Find all functions $f:\mathbb{R}_{\geq{0}} \times \mathbb{R}_{>{0}} \to \mathbb{R}_{\geq{0}}$ such that for all $x \in \mathbb{R}_{\geq{0}}$ and all $y, z \in \mathbb{R}_{>{0}},$ $$ f(f(x,y),z)=f(x,yz)$$ and $$\forall x\in\mathbb{R}_{\geq{0}}: f(x,1)=x$$ where the function $f$ is differentiable over its entire domain (at least once).
I found a solution assuming that the function is analytical. Then by unfolding into Taylor's series and comparing the coefficient, I got $$f(x,y) = y^{\alpha}x$$ where $\alpha$ is any real number.
I don't know how to prove that this solution is unique and how to circumvent the proof without the additional requirement of analytical function.
Edit
I already know why I had a problem with the ambiguity of the function. I forgot a very important condition.
Function $f$ is homogenous with respect to $x$: $$f(\lambda{}x,y)=\lambda{}f(x,y)$$ Then there is only one unique solution: $f(x,y)=xy^\alpha$.

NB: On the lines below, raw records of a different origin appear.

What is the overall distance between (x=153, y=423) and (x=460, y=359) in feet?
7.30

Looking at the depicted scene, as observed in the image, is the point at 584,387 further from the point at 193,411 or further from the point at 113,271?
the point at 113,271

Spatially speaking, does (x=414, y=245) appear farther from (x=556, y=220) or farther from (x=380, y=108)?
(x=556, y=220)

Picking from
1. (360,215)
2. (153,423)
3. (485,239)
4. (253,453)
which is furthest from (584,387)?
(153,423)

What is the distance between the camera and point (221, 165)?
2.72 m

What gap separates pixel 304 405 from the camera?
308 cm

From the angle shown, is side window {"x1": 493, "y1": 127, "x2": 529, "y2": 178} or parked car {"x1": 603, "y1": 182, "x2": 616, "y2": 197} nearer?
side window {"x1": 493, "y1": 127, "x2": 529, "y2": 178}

Thank you all for your advice, primarily @Max for his guidance to Transaltion function as general solution without this homogenous condition.

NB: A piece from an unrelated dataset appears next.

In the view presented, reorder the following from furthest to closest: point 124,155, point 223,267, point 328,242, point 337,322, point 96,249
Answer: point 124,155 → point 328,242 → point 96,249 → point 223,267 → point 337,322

Let $F(x,y)=\ln f(e^x, e^y)$ . Then
$$\begin{aligned} F(F(x,y), z)&=\ln f(e^{\ln f(e^x, e^y)}, e^z)= \\&\ln f( f(e^x, e^y), e^z)=\ln f(e^x, e^{y+z})\\&=F(x, y+z). \end{aligned}$$
This is the translation equation (see https://en.wikipedia.org/wiki/Abel_equation#Equivalence). Pick arbitrary continuous and strictly monotone $h$ with range all of $\mathbb{R}$ (and differentiable at least once with positive derivative, to get corresponding smoothness of $f$). Then $F(x, y)=h(h^{-1}(x)+y)$ solves it. Then $f(x,y)=e^{F(\ln x, \ln y)}=e^{ h(h^{-1}(\ln x)+\ln y)}$
Your solution is obtained when $h(u)=\alpha u$, i.e. $f(x,y)=e^{\alpha (\frac{1}{\alpha} \ln x+\ln y)}=x y^{\alpha}$.
The solution $f(x,y)=x^y$ is almost obtained from $h(u)=e^{u}$: if one ignores the fact that $\ln \ln x$ is not defined for $x\leq 1$ we have $f(x,y)=e^{e^{\ln \ln x+ \ln y}}=e^{y\ln x}=x^y$.
There is a discussion of translation equation in Section 6.1 of Aczel's book on functional equations. It shows that (under mild continuity conditions) if $F(x,\cdot)$ is non-constant for every $x$ then the solution is in fact of the form above. This suggests that $f(x,y)=x^y$ is in some sense exceptional.